Required work:
What is needed is an exact copy of the lines in the listing below, from the one with "Овцы и пастух близ арки дружбы народов" up to and including the one with "Narcissus Ice King", with no other lines.

Input data:
-- -- --
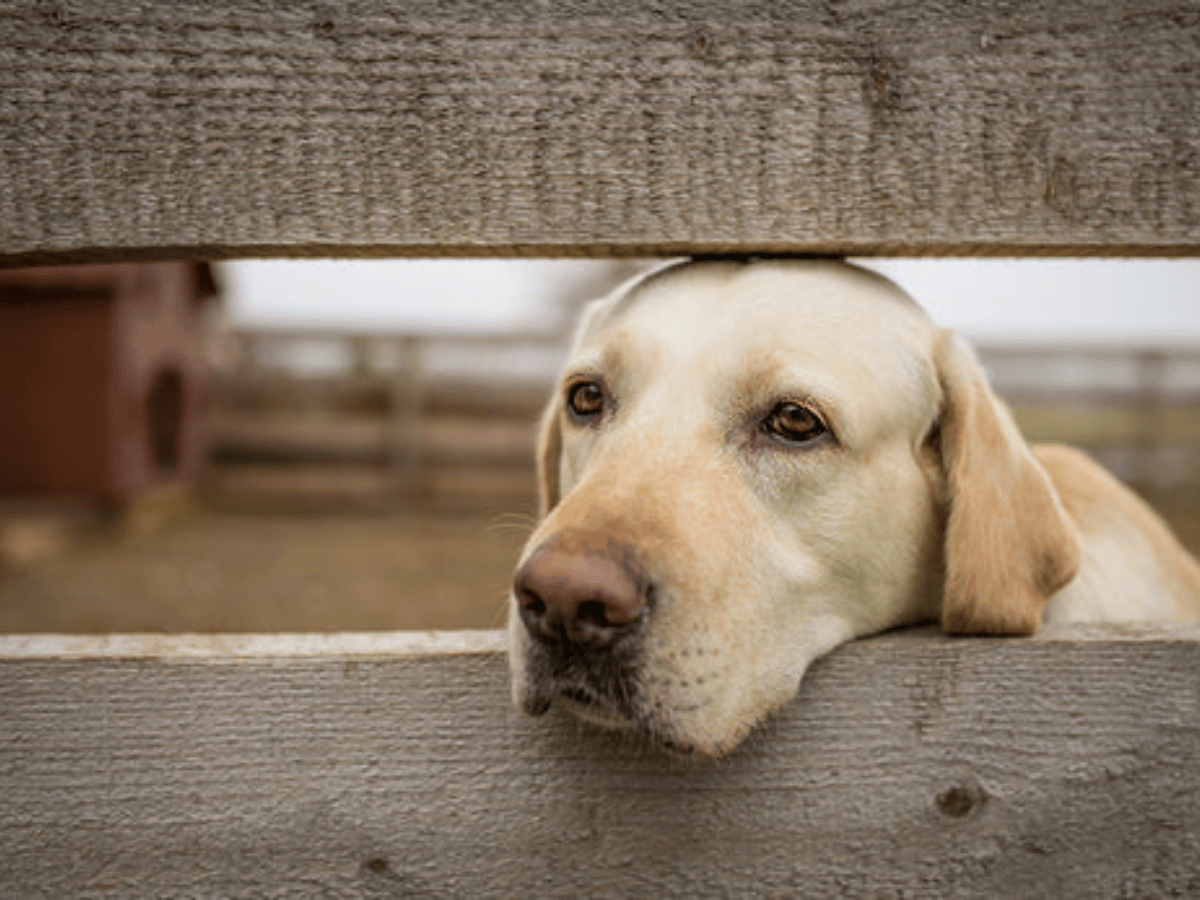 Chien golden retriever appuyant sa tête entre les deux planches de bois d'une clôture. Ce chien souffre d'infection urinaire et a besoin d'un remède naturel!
-- -- --
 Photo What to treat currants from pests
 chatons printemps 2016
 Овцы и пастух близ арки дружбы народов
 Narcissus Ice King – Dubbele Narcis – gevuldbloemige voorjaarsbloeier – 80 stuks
-- -- --
Response to the task:
 Овцы и пастух близ арки дружбы народов
 Narcissus Ice King – Dubbele Narcis – gevuldbloemige voorjaarsbloeier – 80 stuks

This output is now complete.